China Steel Flood Deepens, Cutting Earnings, Fanning Trade Rows
Post Date: 10 Aug 2015 Viewed: 655
China is shipping ever more steel into world markets as its economy slows, leading to lower prices, reduced earnings at global producers and more trade disputes.
Mills in the country that produces half the world’s steel are maintaining output as domestic demand falters, exporting the surplus. Sales overseas surged 9.5 percent to 9.73 million metric tons in July, the highest level in six months, customs data released on Saturday show. Exports expanded 27 percent to 62.13 million tons in the first seven months, the highest ever for the period, according to customs data compiled by Bloomberg.
China’s shipments are about the same as output in Japan, the world’s second-biggest producer, World Steel Association data show, and Credit Suisse Group AG says they have reached extraordinary levels.
“It’s because of weakness in domestic steel demand, which has led mills to push their excess out into the international market, and that’s something which is not going to change,” Ivan Szpakowski, commodities strategist at Citigroup Inc. in Hong Kong, said by phone.
Chinese mills face declining domestic demand for the first time in a generation amid a property slump.
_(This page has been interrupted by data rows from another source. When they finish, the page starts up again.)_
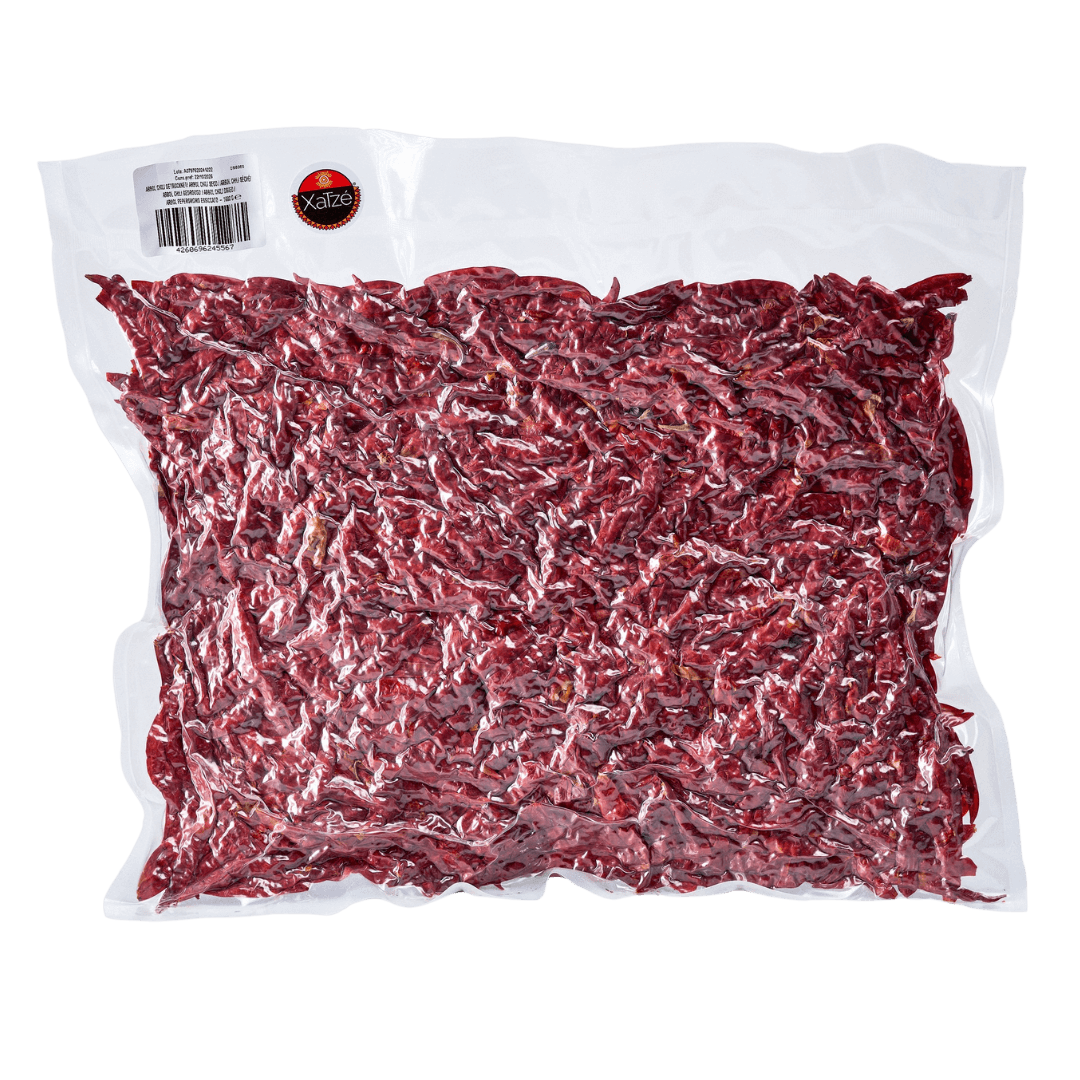 Xatze Arbol Chilischoten getrocknet 1kg Packung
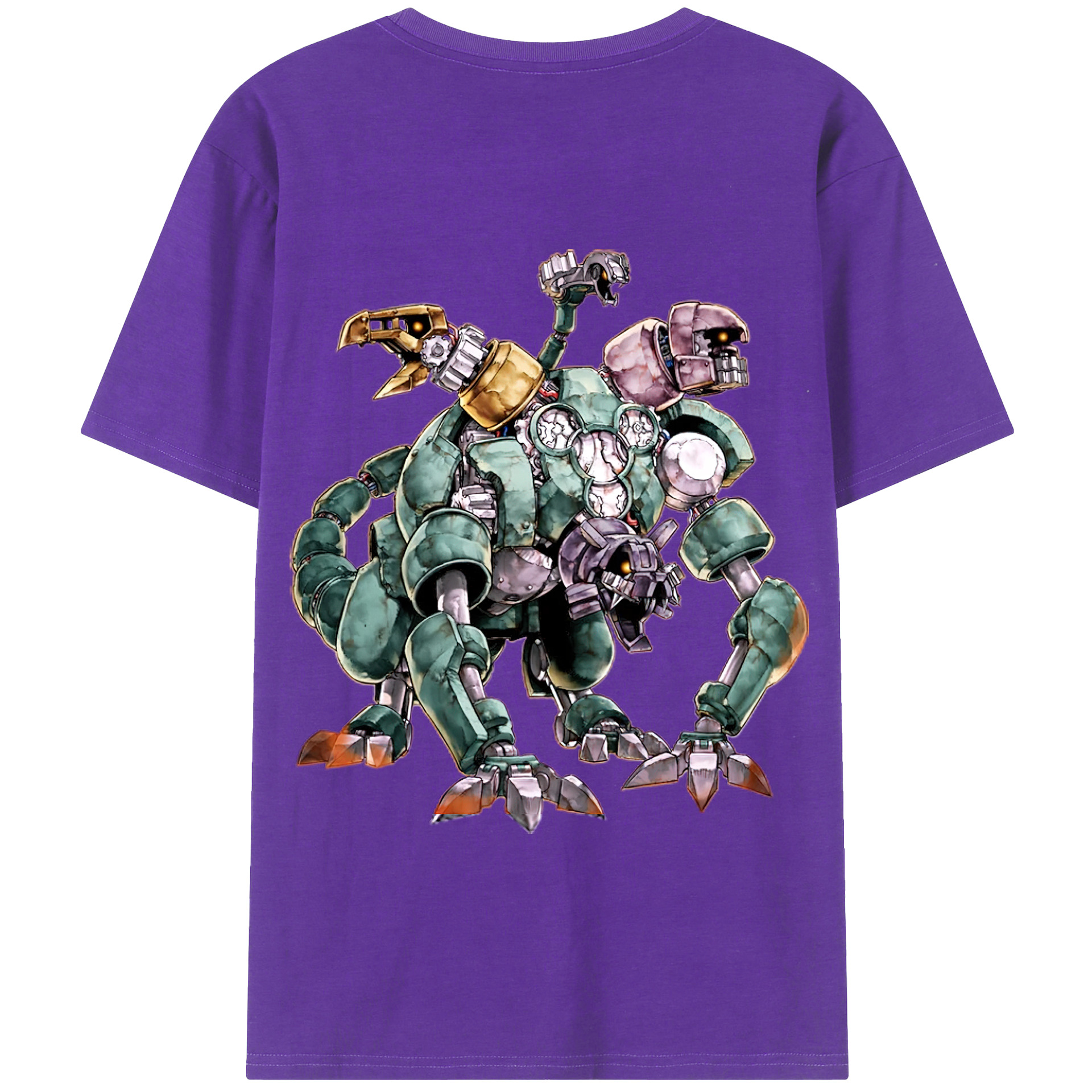 （画像用） 遊☆戯☆王 Yu-Gi-Oh! 綿100％半袖Tシャツ（背面プリント）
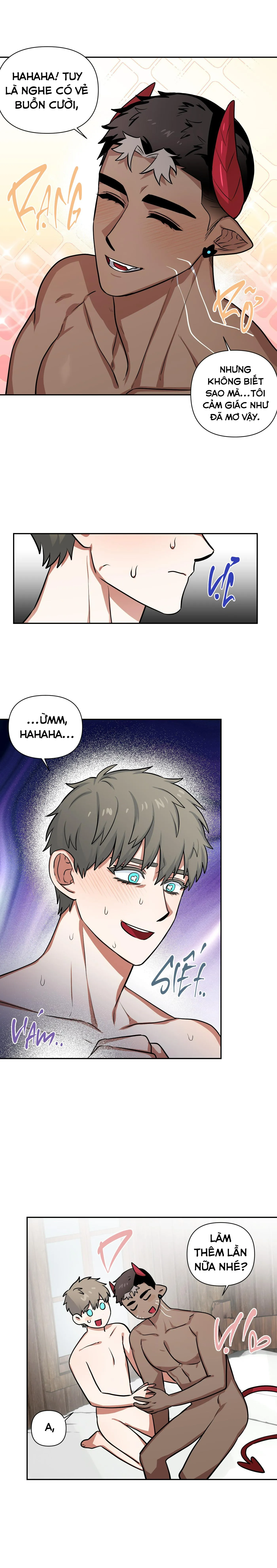 (END) VỊ HÔN THÊ CỦA NHÀ THÔI MIÊN LÀ MA VƯƠNG ĐẤY Chapter 6 Trang 19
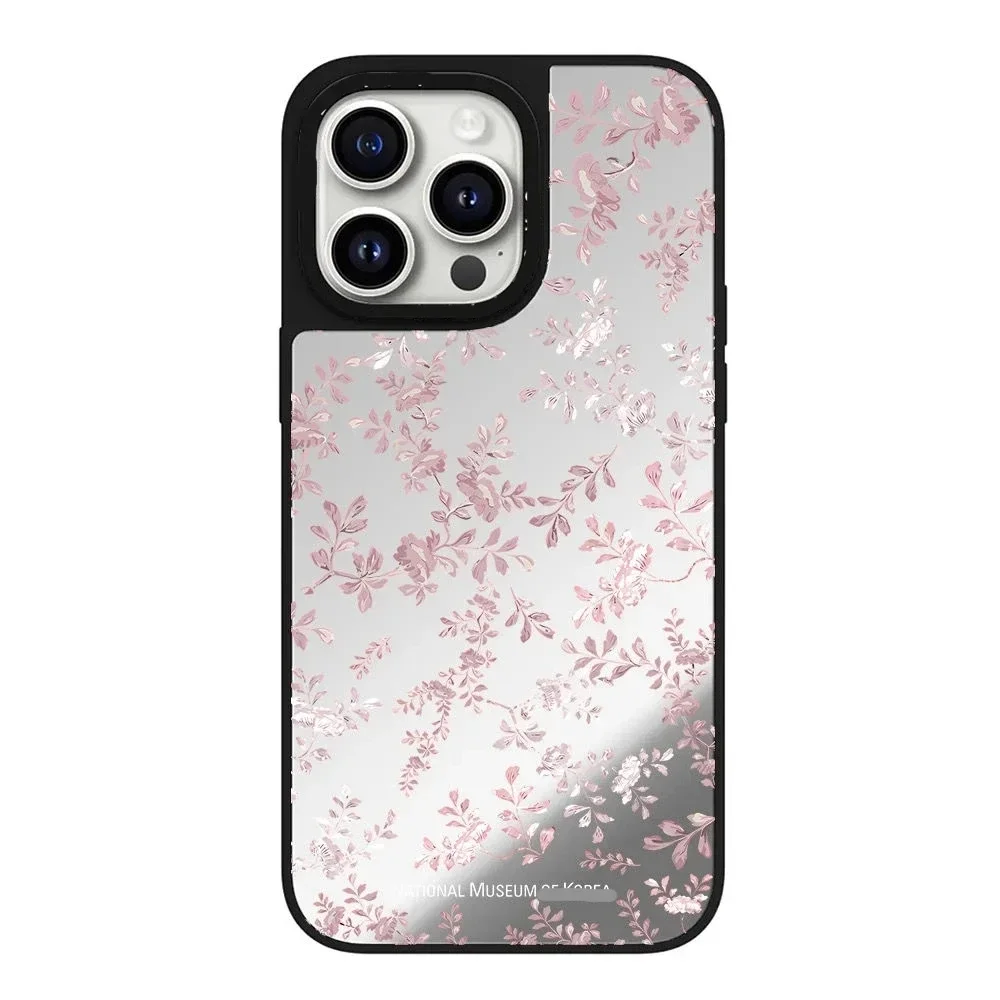 

MagSafe Mirror Surface Korean Museum Phone Case Cover for IPhone 11 12 13 14 15 Pro Max Case for IPhone 15 Pro Max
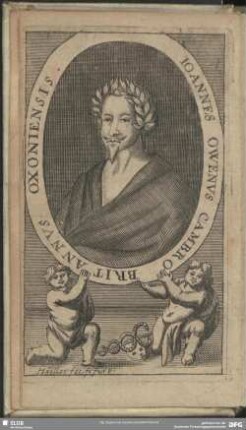 Ioannis Owenus Cambro Britannus Oxoniensis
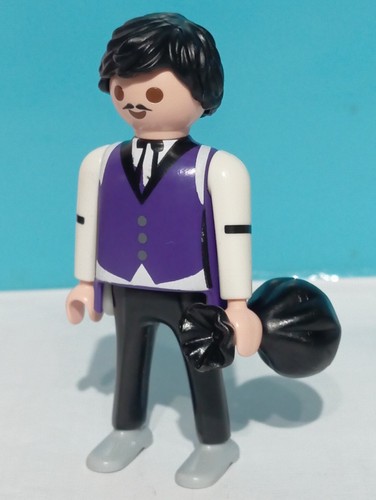 Playmobil figurine barman - playmobil,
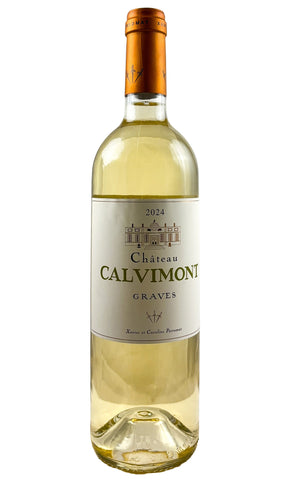 Bottle of Chateau Calvimont, Graves White, 2024 - White Wine - Flatiron Wines & Spirits - New York
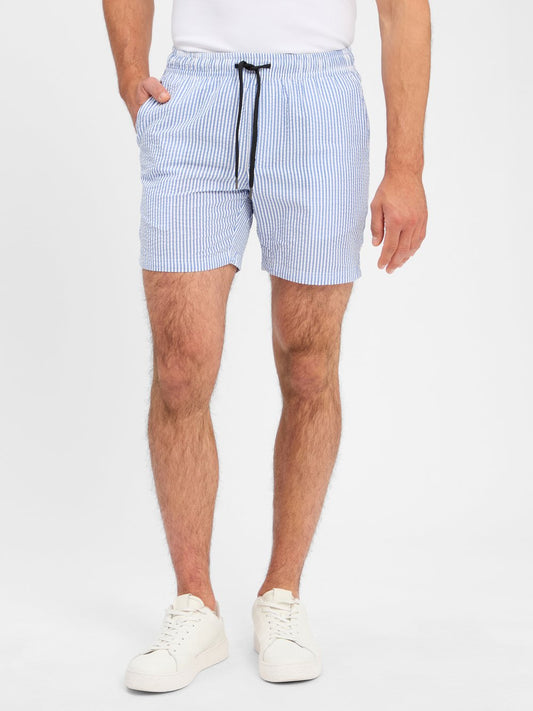 Redefined Rebel Shorts Herren gestreift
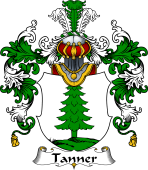 German Wappen Coat of Arms (v.25) Tanner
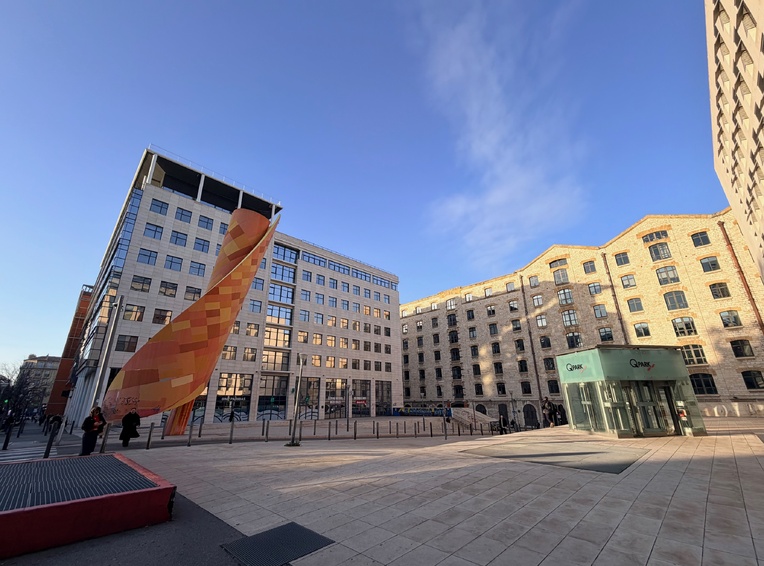 Le QCA Euroméditerranée affiche les valeurs prime du marché de bureaux métropolitain © JP Le QCA Euroméditerranée affiche les valeurs prime du marché de bureaux métropolitain © JP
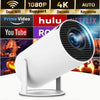 Projector HY300 PRO 4K Android 11 Dual Wifi6 260ANSI Allwinner H713 BT5.0 1080P 1280*720P Home Cinema Outdoor Projetor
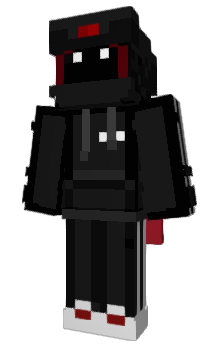 Minecraft skin BlackMaster3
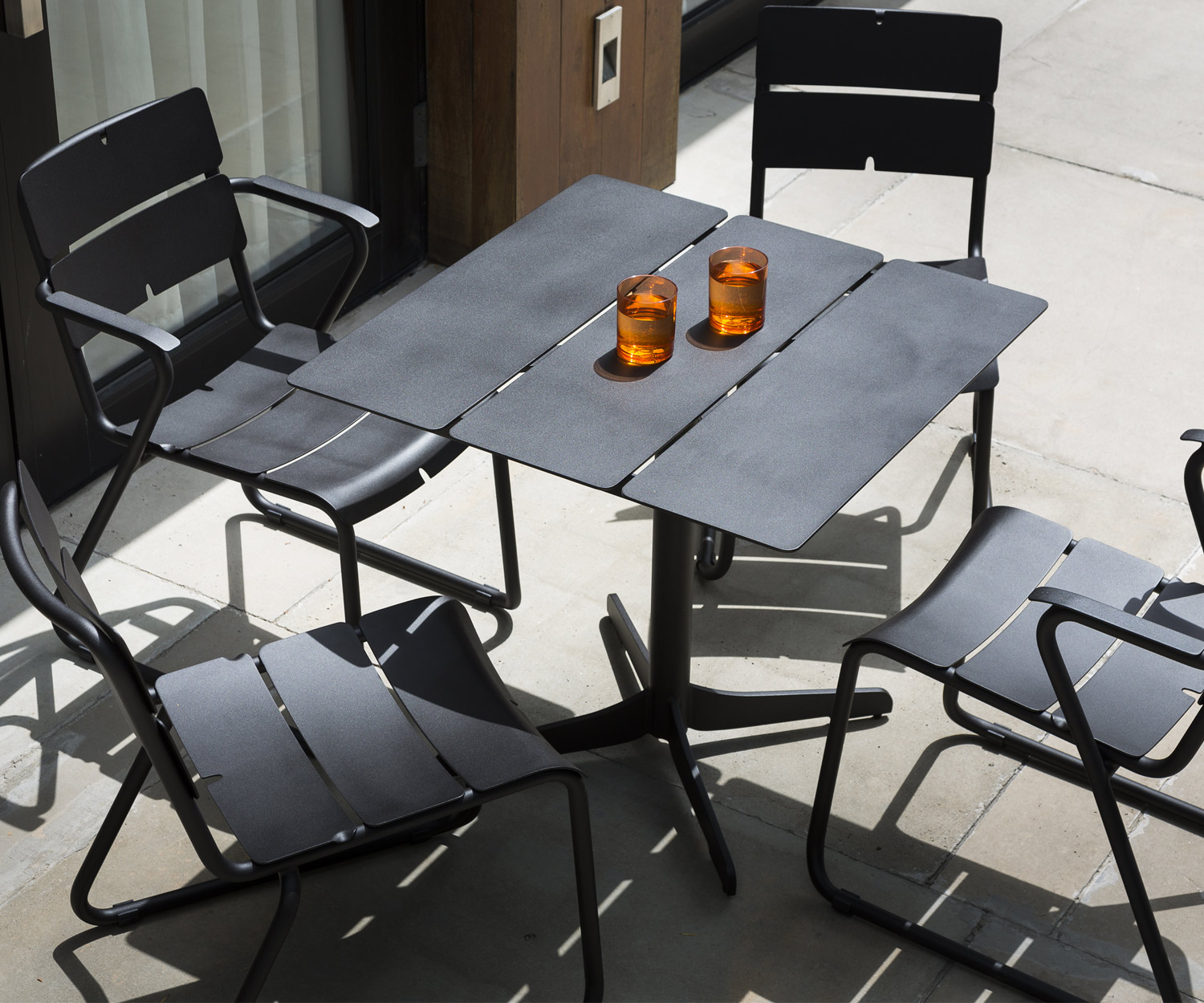 Oasiq Corail aluminium design chair garden chair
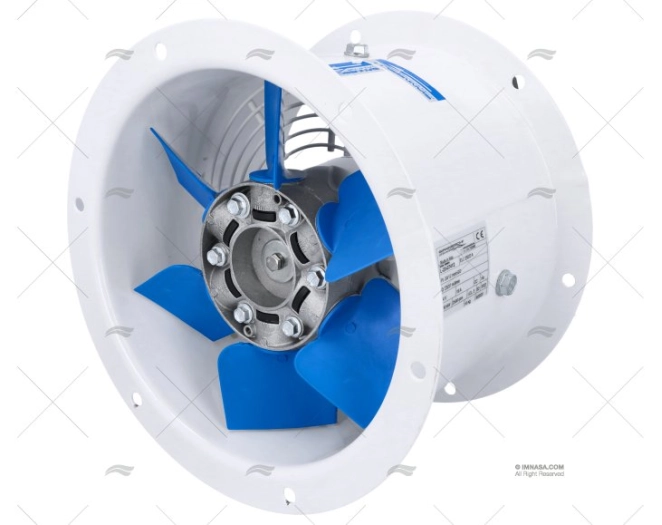 HELICOIDAL BLOWER ELL250/2 24V A-1 FLOW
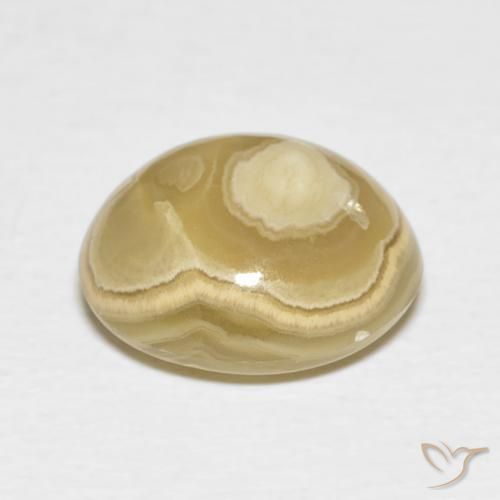 Agata Multicolore naturale da 5.65 ct, Ovale, Opaco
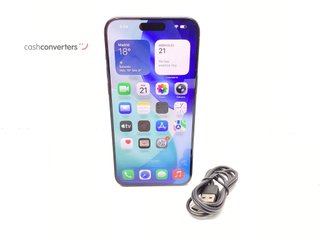 apple iphone 15 pro max 256gb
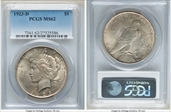 1923-D $1 MS62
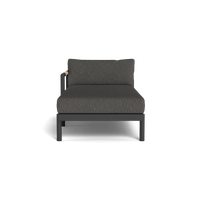 Breeze Xl Aluminum Chaise Left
Steel demand will drop this year and next to extend the first annual contraction since 1995, the World Steel Association said in April. With output falling only 2 percent this year, according to the China Iron & Steel Association, Bloomberg Intelligence estimates that exports may exceed 105 million tons in 2015.
Steel was a bright spot, as China's overall exports in July fell 8.3 percent from a year earlier in dollar terms. That was below the estimate for a 1.5 percent decline in a Bloomberg survey and compared with an increase of 2.8 percent in June.
Earnings Drop
Some steel mills may be ramping up output before the government orders production cuts to ensure clean air for a parade in Beijing on Sept. 3 to mark the 70th anniversary of Japan’s surrender in World War II, according to UBS Group AG.
Chinese imports of iron ore climbed 15 percent in July to 86.1 million tons, the highestlevel since December, as mills in the world’s largest buyer replenished inventories that had fallen to the lowest level in 19 months. Purchases were little changed at 539 million tons in the first seven months.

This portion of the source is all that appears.